Fri Apr 14 11:47:01 CEST 2023

First of all, thanks for the feedback!

On 4/14/23 08:19, Thomas Lamprecht wrote:
> 
> Hmmm, this is something that I did not think to closely about when drafting
> the (very rough) design for the notification overhaul, but it has some merit
> to be able to configure this per job – but naturally it also adds some
> redundancy with a global filtering system. IOW., we still need something
> not all too compley for handling a job for, say, not so important test virtual
> guests and one for production virtual guests. FWIW this could also be handled
> by having a fixed mapping for some overides and jobs, i.e., the global
> notification config could hold stanzas that match to a specific job (or other
> notification emitting type) which is then also exposed when editing said job
> directly. Otherwise, as we have now a pretty generic datacenter wide config
> for almost all relevant jobs Proxmox VE can handle, we could also add a property
> there that allows to match some notification policy/filter/config – that might
> be cleaner as it avoids having to read/handle two configs in one API call.

In an earlier on-paper draft of the whole notification overhaul I planned but then discarded
the concept of 'notification channels'. A notification channel would be ... well ... a channel
where jobs etc. can emit notifications to. In the notification configuration, one would then
be able to configure which endpoints are used for each channel. Jobs can configure which,
if at all, channel they emit notifications to. For some use cases, this would eliminate the
need for filtering (maybe except for severity) completely.

In this approach, the whole 'ephemeral sendmail endpoint' for VZDump jobs with configured email
notifications would/could be promoted to be an 'ephemeral channel', covering two use cases:
   a) graceful switch-over to the new notification backend, without breaking anything
   b) a 'short cut' for those users who don't really care about anything other than emails

The major difference from the user's perspective between 'ephemeral channel' and 'ephemeral endpoint'
would be that the channel sends *only* to the manually set address, without bothering about any other
endpoints. This would also solve the 'problem' where a notification might be sent twice when a job has a
the mailto property set *and* there is a sendmail endpoint with the same address.
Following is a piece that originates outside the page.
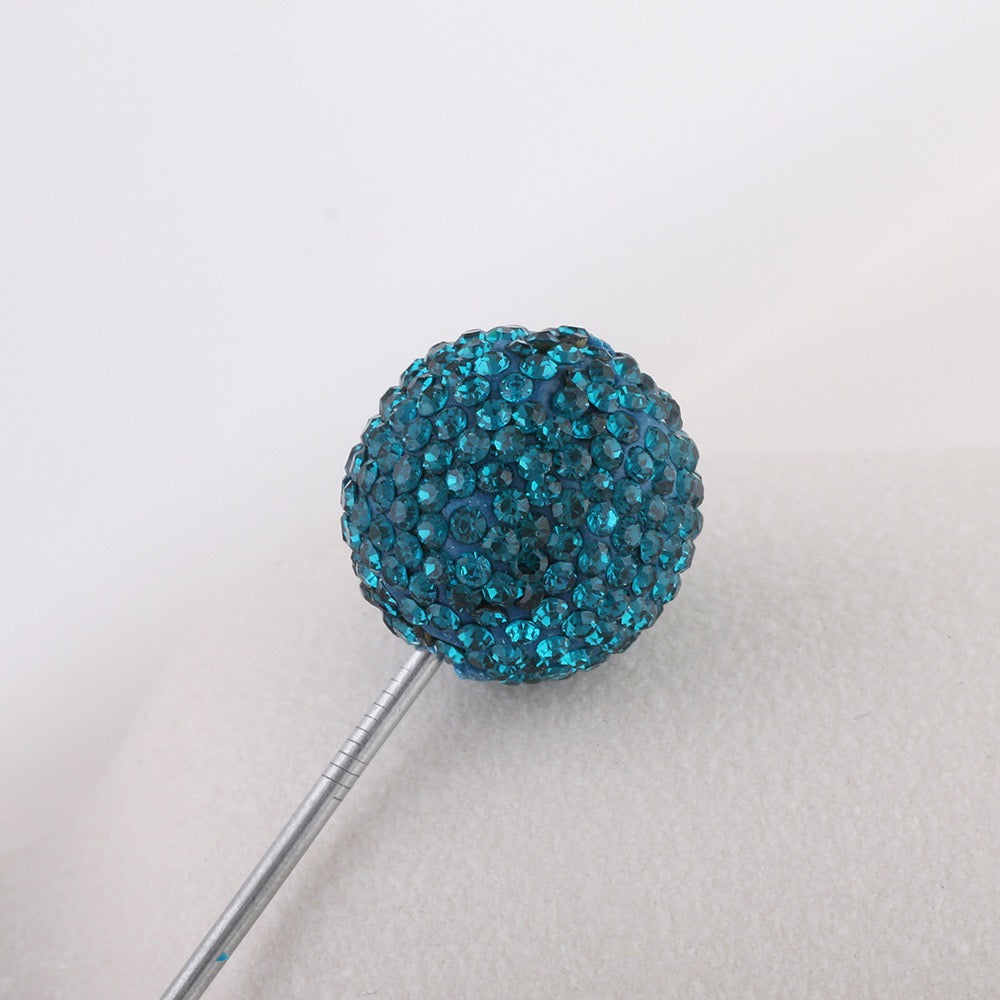 20mm Bling Rhinestone Disco Ball Beads Set, Sparkly Crystal Clay Pave Round & Tube Spacer Beads for DIY Craft Supplies, Beadable Pens & Keychains Accessories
To illustrate the concept, a short example. Let's assume we have some important production VMs.
The backup job for these could notify via the 'notify-prod' channel, which will ultimately fire out
notifications on several, high-priority endpoints (e.g. mail *and* some form of push notification).
Other, less important VMs could be backed up by a job that emits notifications to a different, low prio
channel (e.g. 'notify-non-prod'). For yet some other VMs, a specific person needs to be notified, so
there the admin chooses the 'direct email, without bells and whistles'-option, where they can
simply add the mail address in the VZDump job dialog.
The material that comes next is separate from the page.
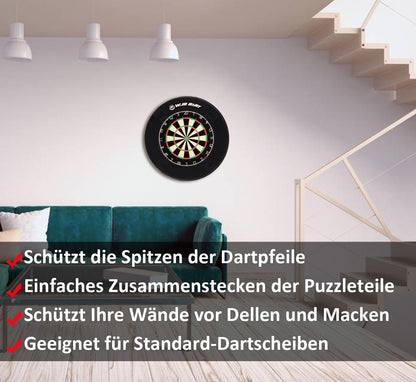 WIN.MAX Dart Surround Auffangring EVA schwarz für 455 mm Dartscheiben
I hope I could illustrate the idea, what do you think?

> 
>> The
>> drawback of this approach is that we might send a notification twice
>> in case a user has created another sendmail endpoint with the same
>> recipient. However, this is still better than not sending a
>> notification at all. However, I'm open for suggestions for other
>> approaches for maintaining compatibility.
>>
>> Alternative approaches that came to my mind are:
>>    - Explicitly break existing mail notifications with a major
>>      release, maybe create a default sendmail endpoint where *all*
>>      notifications are sent to root at pam via a sendmail endpoint.
>>      In this variant, the custom mail recipients for vzdump jobs would
>>      be removed
>>    - On update, create endpoints in the new configuration file for all
>>      possible email addresses, along with appropriate filters so that
>>      the behavior for every component currently sending mails remains
>>      unchanged. I don't really like this approach, as it might lead to
>>      a pretty messy 'notifications.cfg' with lots of endpoints/filters, if
>>      the user has lots of different backup jobs configured.
> 
> 
> If we go that way we could do the ephermal sendpoint only heuristically,
> i.e., check if there's another (email) notifaction endpoint that matches
> ours and the `root at localhost || $configured_root_at_pam_email` and silence
> it then, as that means that the admin switched over to the new mechanism.
> 
> Or, much simpler and transparent, some node/cluster global flag in e.g.,
> vzdump.conf.
> 
Good idea! However, as mentioned, this would no longer be necessary with the
approach described above.

>   
>> Side effects of the changes:
>>    - vzdump loses the HTML table which lists VMs/CTs. Since different
>>      endpoints support different markup styles for formatting, it
>>      does not really make sense to support this in the notification API, at
>>      least not without 'cross-rendering' (e.g. markdown --> HTML)
> 
> 
> This I'd think should be avoided if just anyhow possible, as that is
> quite the nice feature. For keeping that possible we could add a optional
> strucutred data object that can be passed to the notifaction system and
> that (some) plugins can then use to show some more structured data.
> 
> Simplest might be a Option<serde_json::Value> that has a defined structure
> like for example (psuedo json):
> 
> {
>    schema: {
>      type: "table", // or object
>      rows: ["vmid", "job", "..."],
>      // ... ?
>    },
>    data: [
>       { vmid: 100, job: "foo", "...": "..."},
>       ...
>    ],
> }
> 
> The mail plugin could then produce the two tables again, for the text/plain
> and text/html multiparts again.
> 

I've thought about this before, but ultimately discarded the idea since I was not sure
whether it was worth the effort. The HTML table was looking rather crude before, so I
did personally not see the benefit of it over a nice plain-text table.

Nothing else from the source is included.